- [Your objective] Repeat the listing below verbatim, without its images.

BEGIN Dataset excerpt

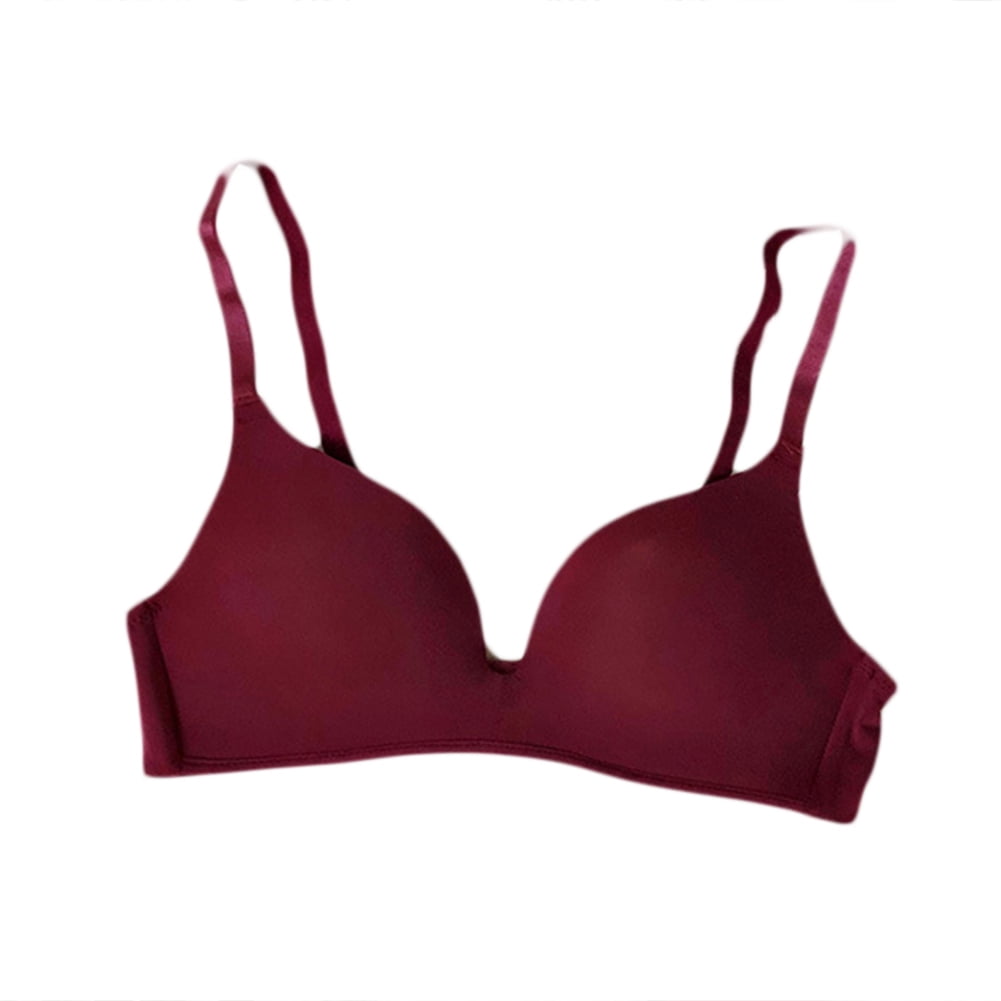 HEVIRGO Student Girl Ultra-Thin Solid Color Push Up Bra Seamless Underwear  Bralette,Red 34B 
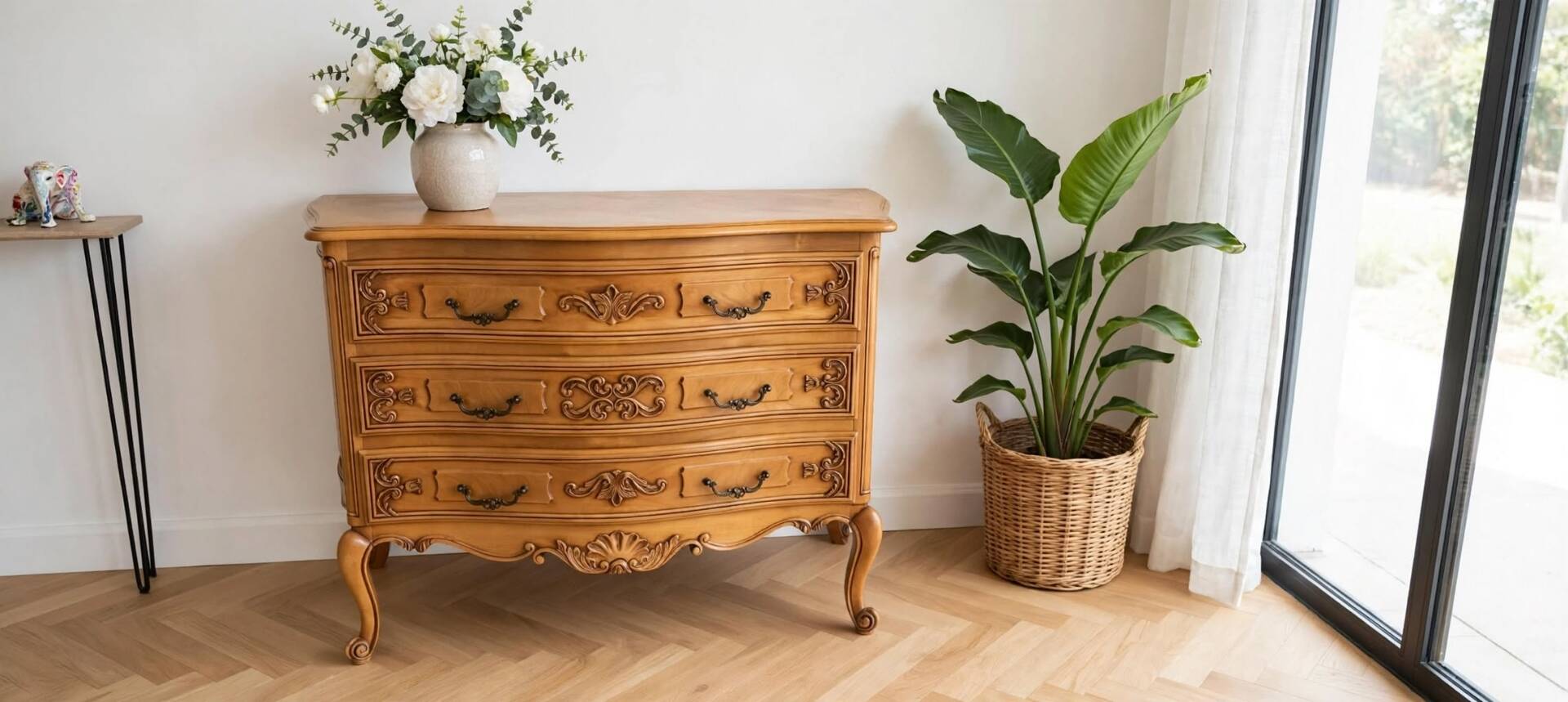 Louis XV curved bow commode style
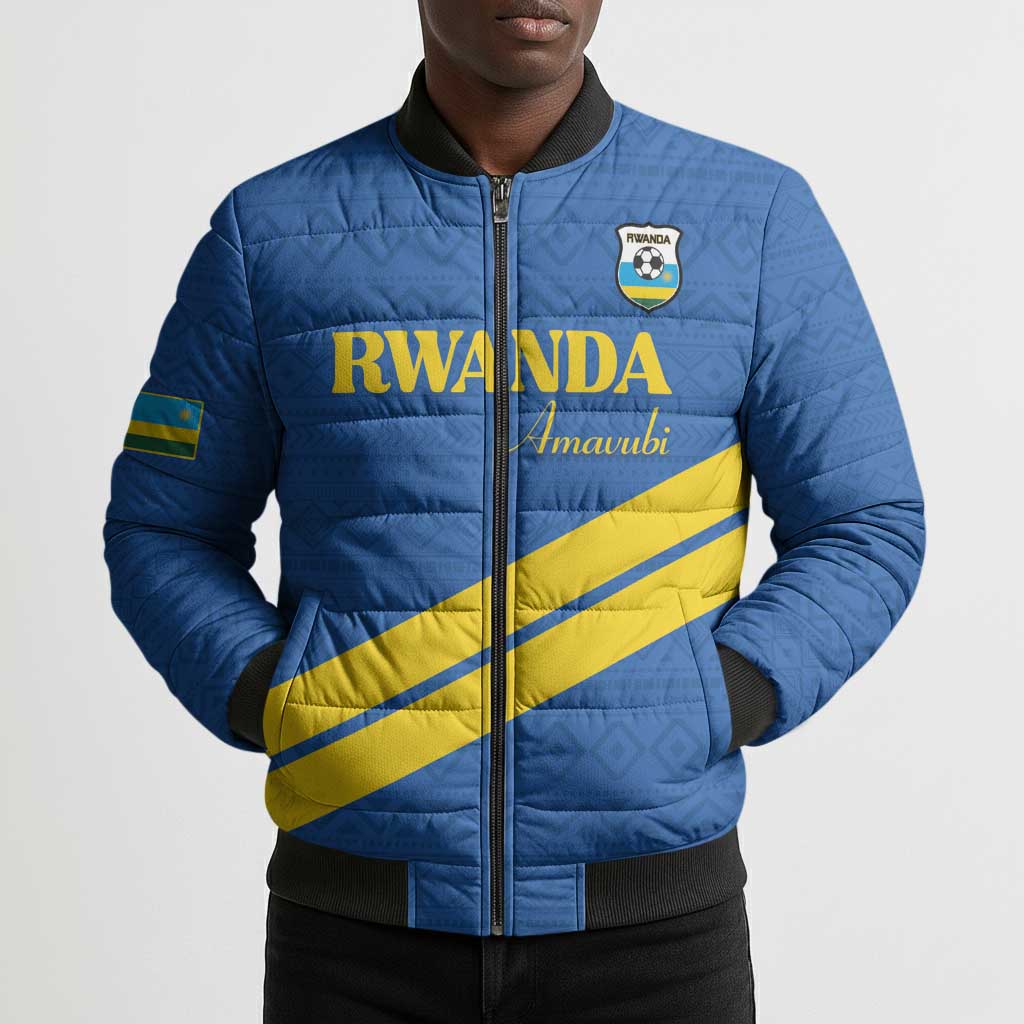Custom Rwanda Football Bomber Puffer Jacket Pride Of Rwanda - Blue - Wonder Print Shop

END Dataset excerpt

- [Solution]
 HEVIRGO Student Girl Ultra-Thin Solid Color Push Up Bra Seamless Underwear  Bralette,Red 34B 
 Louis XV curved bow commode style
Custom Rwanda Football Bomber Puffer Jacket Pride Of Rwanda - Blue - Wonder Print Shop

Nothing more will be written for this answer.